Buch über Imaminnen Seyran Ates ärgert wieder ihre Gegner

Da sitzt sie nun, selbstbewusst, nicht gebrochen und schon wieder mit vielen neuen Plänen. Die Anwältin, Imamin und Frauenrechtlerin Seyran Ates hat sich anlässlich des Internationalen Frauentags am gestrigen Donnerstag wieder etwas Neues ausgedacht. Seyran Ates stellte an diesem Tag in ihrer Moschee in Moabit ein Buch vor. Es ist ein unscheinbares, schmales Bändchen, aber natürlich ist es dazu geeignet, einige besonders konservative und fromme Muslime zu verärgern. Das ist Seyran Ates egal. Sie hat das Buch in einem eigenen Verlag publiziert.

„Die Frauen von Medina. Imaminnen, Gelehrte und Kriegerinnen“, heißt es. Verfasst hat es der dänische Islamwissenschaftler Jesper Petersen. Und es belegt, dass es das, was Seyran Ates vor einem Dreivierteljahr zu ihrem neuen Lebensmittelpunkt gemacht hat, wirklich geben darf: eine Moschee, in der Frauen gleichberechtigt sind. „Das ist jetzt unser nächster Schritt. Wir beschäftigen uns mit den theologischen Grundlagen, auf die wir uns in unserer Moschee beziehen. Und natürlich geht es uns dabei wieder um Geschlechtergerechtigkeit. Deshalb haben wir die Moschee ja eröffnet“, sagt Ates. Denn um die Theologie gehe es ja bei sämtlichen Angriffen gegen ihre Person nie. „Es geht immer nur darum, dass bei uns Männer und Frauen Seite an Seite beten und das auch noch ohne Kopftuch. Sie sagen, wir verändern die Religion, aber das stimmt nicht. Das gab es alles schon mal“, sagt Ates.

Feministische Literatur

Jesper Petersen beschäftigt sich schon lange mit dem Feminismus in islamischer Literatur. Er besuchte die Berliner Moschee-Eröffnung im vergangenen Jahr, weil dort etwas tatsächlich Einzigartiges vonstattenging: Ein Mann und eine Frau leiteten gemeinsam das Gebet vor einer gemischtgeschlechtlichen Gruppe. In anderen Teilen der Welt beten nur Frauen bei Frauengruppen vor.

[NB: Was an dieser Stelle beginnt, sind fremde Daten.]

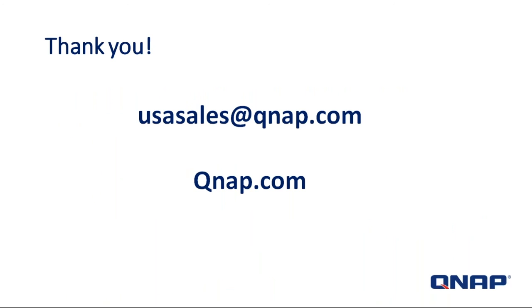That's it for today's introduction of our new products. Drop us an email at usasales.qnap.com — we'd be more than happy to answer all of your questions. My name is Trinan, from QNAP. Thank you very much for tuning in today.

Jesper Petersen, Islamwissenschaftler.

Jesper Petersen, Islamwissenschaftler.

Foto:

BLZ/Markus Wächter

Petersens Buch ist in Dänemark bereits im September 2016 erschienen, vor der Eröffnung der Berliner Moschee. Jetzt steht eine deutsche Übersetzung zur Verfügung. Das Buch beschäftigt sich mit Frauen, die Seite an Seite mit Mohammed gekämpft haben sollen, weiblichen Imamen und Frauen, die Männer belehrt haben. Es sind Frauen, die stark waren und deshalb später, als die Geschichten über den Propheten aufgeschrieben wurden, nicht passten zum Islam, wie er sich nach Mohammeds Tod entwickelte. Ihre Geschichten verschwanden. Petersen trägt ein paar Spuren zusammen. Diese Frauen suchten sich ihre Partner selbst aus und trennten sich auch wieder. „Mohammed akzeptierte, dass Frauen in Stammesgesellschaften anders waren und einer anderen Idee folgten, wenn sie eine Familie gründeten“, sagt Petersen.

Weitere Drohungen

Er hat bisher keine Schwierigkeiten mit fundamentalistischen Muslimen und Imamen bekommen. Anders als Seyran Ates. Wir haben viel darüber berichtet, dass ihr im vergangenen Jahr nach der Moschee-Eröffnung mit Gewalt bis hin zum Tod gedroht wurde. Die türkische und die ägyptische Religionsbehörde warnten Gläubige, Ates Moschee zu besuchen. Die türkische Staatsführung beschuldigte sie, aufseiten der Putschisten zu stehen. Seitdem hat Seyran Ates Polizeischutz, und ihre Begleiter sind auch jetzt noch ständig an ihrer Seite. „Das wird wohl so weitergehen“, sagt sie, denn bedroht wird sie immer noch. Sie erhält auch weiter E-Mails, in denen sie beschimpft wird.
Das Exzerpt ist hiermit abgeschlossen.